In my department (Emergency), there is an override mechanism by which you can "freehand" enter a blood sugar on a patient who isn't in the EMR system yet (i.e. if you're working triage). There is also a mechanism by which a provider who normally wouldn't have a staff ID number, such as a non-hospital-employed physician or PA/NP, can enter FSBS results using a "bypass" code. It's conceivable to imagine such a sequence of circumstances allowing a slack-minded SN to skate through not performing FSBS, claiming that he/she filed the results under the bypass provider number and freehand entered the patient name, and hence they might be delayed into the system. It'd be a perfect storm of circumstances, but the story is just plausible enough, especially given the many, many workarounds I've seen teaching units use to allow SNs access to otherwise staff-locked equipment. (The security subversions my preceptor committed to allow me to function at all as a preceptee on CV-SICU, for example, would curdle any good IT person's blood - yet were it not for that, I'd have spent three months sitting on my butt at the desk doing nothing. Everything on that unit was staff-ID-locked, up to and including the vital-signs monitors. This wasn't at Podunk Memorial, either; this was a major teaching hospital that, somehow, had bought into an information platform with all the provisions for documentation by both medical students and student nurses completely disabled.
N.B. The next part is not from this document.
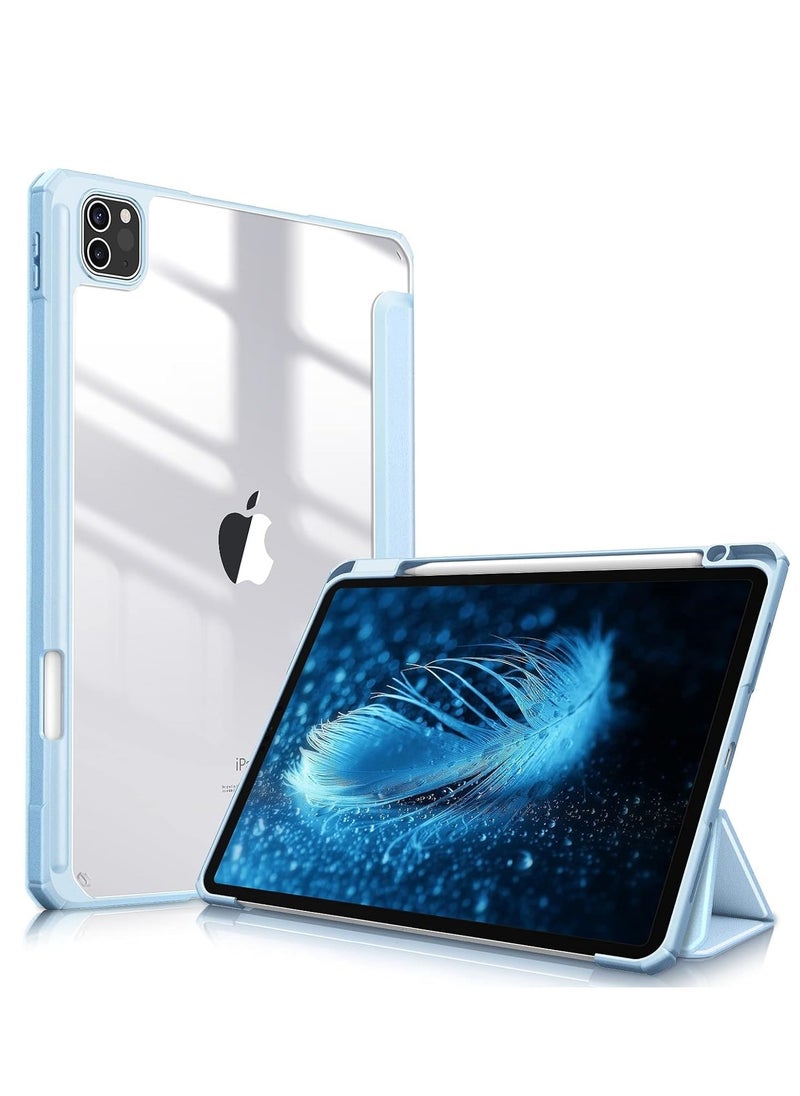 Folio - Hybrid Case Compatible with iPad Pro 11 Inch (2022/2021/2020/2018, 4th/3rd/2nd/1st Generation) - Ultra Slim Shockproof Clear Cover w/Pencil Holder, Auto Wake/Sleep, Sky Blue - Image 1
MS had to document under their resident's or attending's staff number; SNs filed under their staff RN, preceptor or CI. IT failure, there.)

WORD

And more WORD.

Nursing school was several years ago now and even then, I couldn't get into the FSBSG machine without one of the nurses putting in their passcode. And none of them left without making sure I knew what I was doing since I was working on their passcode.

I think we have a game of exaggeration dramatics filling in for lack details here.